Preservation without consideration for its economic consequences is not the only way our society has sacrificed rural communities. Driving along the eastern side of the Sierra Nevada in California, the sheer slopes of the mountains, recently colored by a fine coating of early fall snow, extend for hundreds of miles across the skyline. This snowpack will ultimately drop massive amounts of water thousands of feet into the bottoms of arid valleys. Owens Lake, one of the many saline lakes formed at the base of these mountains, harbored a diverse ecosystem and several small towns. However, in 1913, the Los Angeles Department of Water and Power (LADWP) began diverting the rivers in the valley southward to facilitate the growth of LA, causing the lake to totally dry up. Walking along the exposed lakebed is similar to wandering an alien landscape. The endless scene of white, salt-filled dust is only punctuated by signs of humanity’s efforts to deal with this environmental catastrophe. When windy, dust would kick up from the lakebed, spreading like poison across the valley and creating the single greatest source of particulate air pollution in North America. This dust caused wheezing, coughing, asthma, sore throats, and long-term carcinogenic effects to the residents of nearby towns like Lone Pine. In 2000, a lawsuit forced Los Angeles to deal with the air pollution they had inadvertently caused through a variety of different strategies, including covering the lakebed in gravel, planting and managing saltwater crops, and flooding periodically. This mitigation has been able to reduce regional air pollution, preventing the ghost of the lake from continuing to haunt Lone Pine. 
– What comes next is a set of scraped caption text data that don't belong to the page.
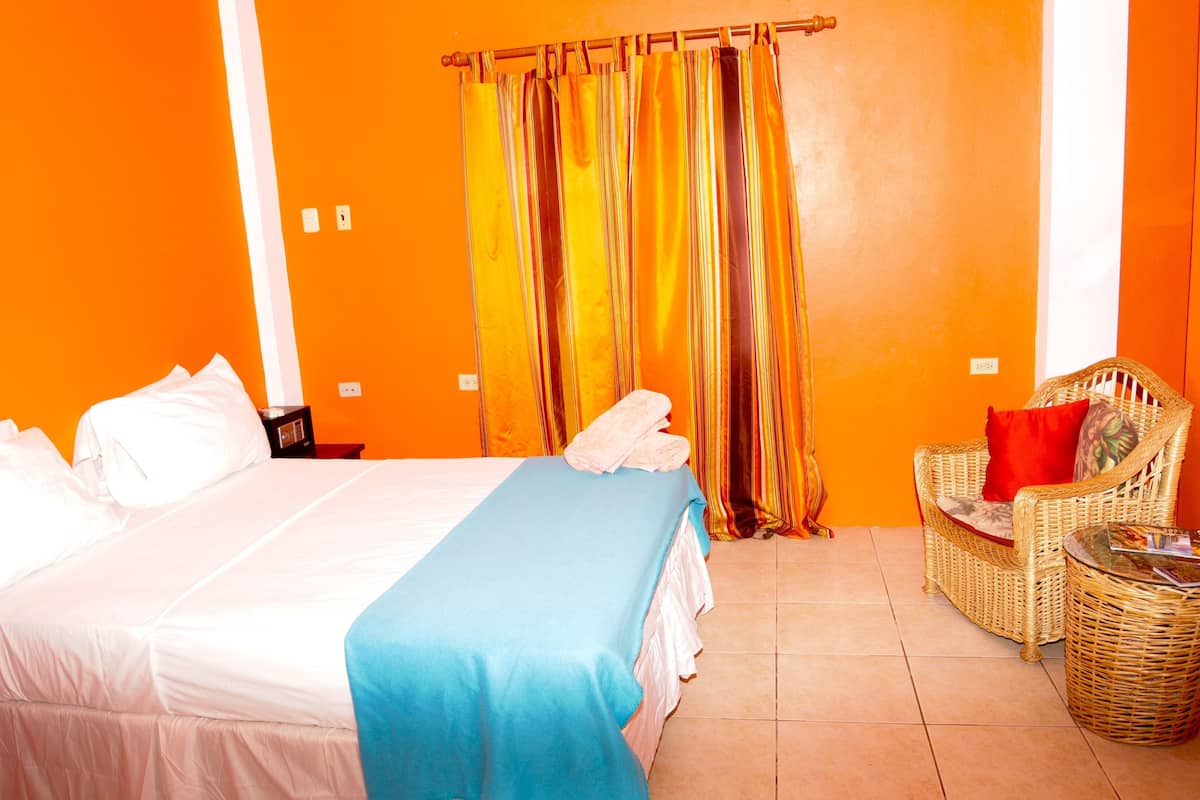 A hotel room with a bed, a chair, and a small table.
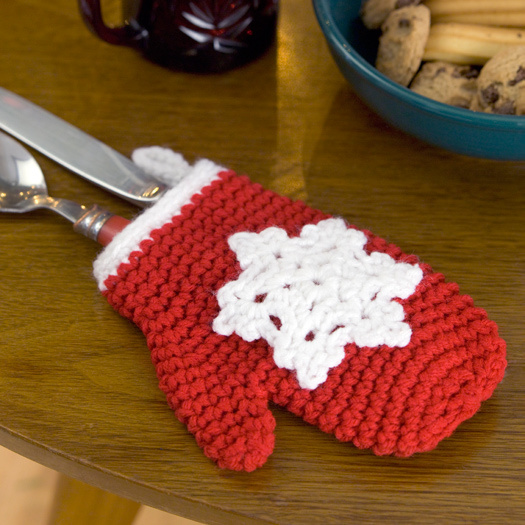 11 easy diy yarn projects to make as holiday gifts Snowflake Mitten Holiday Ornament Crochet Pattern from Red Heart Yarn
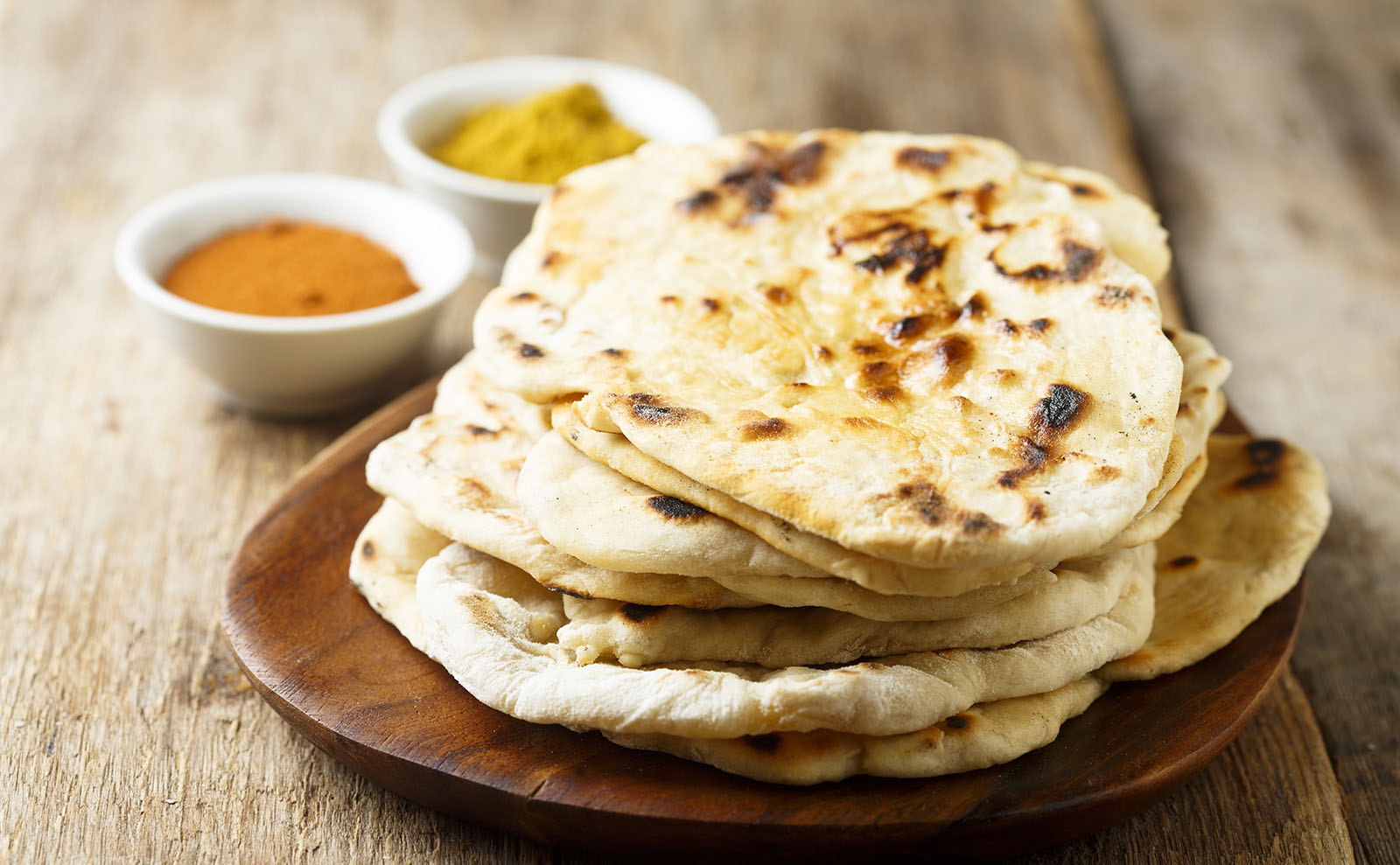 pieces on naan bread in a basket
Rural towns have the right to exist. Furthermore, they have the right to access adequate education, quality health services, and reliable infrastructure. When we as a nation decided to eliminate rural job opportunities for the sake of environmental protection or cause substantial health issues within rural communities for the sake of a city’s water supply, we eliminated those rights. Our society has sent a message to communities like Lone Pine and Joseph that they are not worth saving, that they do not deserve to endure. We need to protect endangered species, and Los Angeles needs water, but with our help that doesn’t have to mean the destruction of these towns. Reflecting on my hour next to those long-forgotten apple trees on the ridge along Joseph Canyon, my curiosity about their origin turns to alarm. We as a nation have to begin considering rural communities; we have to start thinking about solutions for the problems they face like Nils Christofferson does, and we have to enact those solutions like in Owens Lake. If not, all of rural America will end up like that orchard—abandoned settlements hinting at a past long since forgotten.